There are currently over 50,000 people on Imzy across 6,000 Imzy communities, with 50-60 percent of them being active weekly, in which people discuss sexuality, relationships, games, books, politics and so much more. If the community you’re looking for doesn’t exist, you can create it yourself. The idea is that anyone and everyone has a place to go for safe, healthy conversations.
“We’ve been very proactive and very thoughtful about exactly what we want to have happen and the things that would be detrimental to having healthy communities,” Imzy Head of Community Jessica Moreno told me earlier this month. “We have a lot of experiences looking at that stuff. There are a lot of things that result in the worst behavior that you don’t need to allow to begin with. So we’ve been very deliberate about that, where most places took 10 years to decide that they needed to start addressing things.”
I’ve been bopping around on Imzy and have grown to adore a community on polyamory. I’ve been blown away by the amount of support and great advice I’ve received. What’s unique about Imzy is its flexibility around identities. You can be anyone you want on Imzy, including yourself, and even have multiple usernames, if you’d like. For example, I’m totally anonymous in the polyamory community, but I’m myself in the community about racism.
What I don’t want is people flooding to the site thinking that it’s Reddit because it’s just not Reddit.
Another unique aspect of Imzy is its developer platform, which enables community members and leaders to build the features they need, and then share them with the rest of the larger Imzy community. Through the developer platform, people could easily build a tool for communities to schedule events and take RSVPs, hook a payment platform into it and then charge a few bucks to people who want to attend. The aim is to prevent community fragmentation while also enabling other communities on Imzy to benefit from the tools on the developer platform.
Imzy has a tips platform that lets you reward great posts, and the team is also working on ways for communities to enable peer-to-peer transactions, crowdfunding and ultimately enable them with the tools to make money. That could be in the form of selling tickets for an in-person meetup or selling community swag and merchandise.
When I first wrote about Imzy in May, I called it the “anti-Reddit” — mostly because the vast majority of the co-founders (including McComas and Moreno) used to work at Reddit, where they ultimately felt frustrated by the platform’s lack of community. But McComas wants to move past that comparison.
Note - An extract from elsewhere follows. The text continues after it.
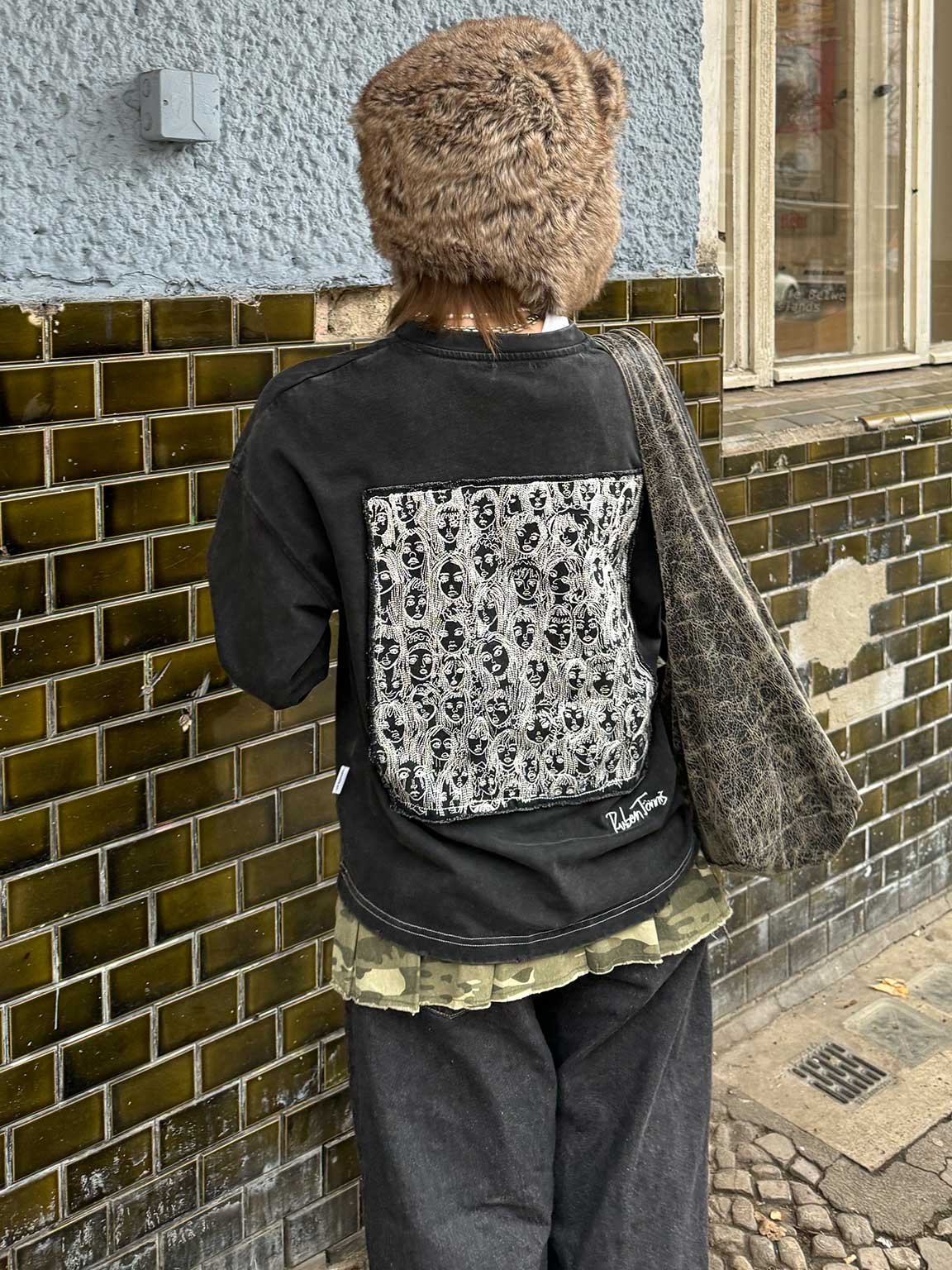 Internet Faces | Longsleeve Washed Black – maezen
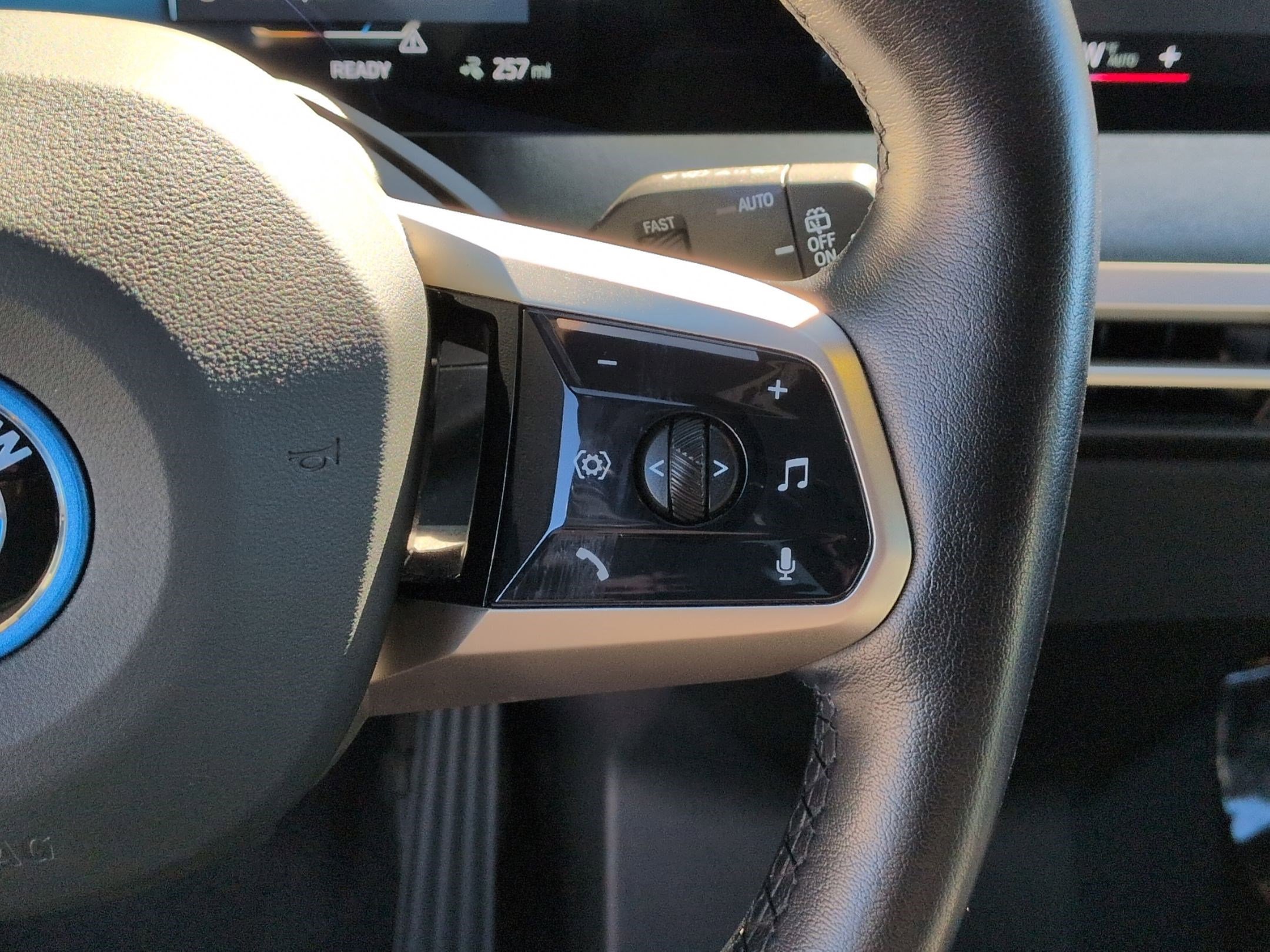 Used 2022 BMW iX xDrive50 w/ Premium Package image 20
“If it can just end,” McComas said regarding the comparison to Reddit. “I just want it to be for communities online. Reddit is about content and that’s great. I want to be about communities. What I don’t want is people flooding to the site thinking that it’s Reddit because it’s just not Reddit. There are some parallels that we can draw but the more that we get into this and the more that we see the site grow, the less and less it really is looking like Reddit. The more the developer platform starts to evolve and really — that will come in the next couple of months, but the more that starts to happen, the more the platform begins to really evolve.”